A police officer investigating the case says both the mother-in-law and son confessed to killing the child. “Our investigation established that it was a clear case of female infanticide. The child’s mother, however, initially thought that it was death due to asphyxiation,” he said. Ms. Chitra says her greatest fear now is raising her three other girls, all below seven years, with her husband in jail. “My children keep asking for their father and I have no answer,” she says.
She claims that neither her husband nor her mother-in-law expressed major disaffection towards the fourth girl child. He worked as a clerk in a travel agency and the mother-in-law ran a petty shop near the house. “Everything seemed normal until that day. I still fail to believe that my husband had something to do with the death,” she says.
Kind sister-in-law
The woman says she is totally dependent on Thavamani’s sister R. Muthulakshmi for food and shelter. She has rejected offers of help from the government. “I only want my husband out of jail,” she says.
Ms. Muthulakshmi says she earns ₹5,000 a month as domestic help and another ₹100 a day from managing her mother’s store. She is confident of helping Ms. Chitra pay her children’s fees as the eldest goes to a matriculation school.
She says the entire chain of incidents still do not feel real. “It feels like a movie playing out in our lives.
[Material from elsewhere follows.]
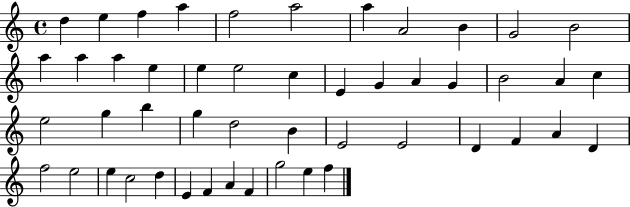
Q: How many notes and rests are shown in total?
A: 49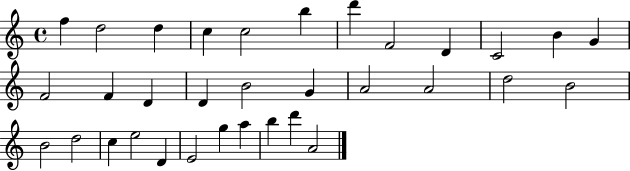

We read about the incident on WhatsApp and understand that female infanticide is wrong. My mother, who is old, probably did not. Had she committed the crime, it was because she thought another girl child would be a financial burden for my brother,” she says.
“The children are crying and Chitra is eating just one meal a day. We keep telling her to be brave but if I was in her place, I too would do the same,” she says.
Ms. Chitra says everything that could possibly go wrong had gone wrong, but keeps repeating that she wants to see her husband. “Just let me meet him once,” she says.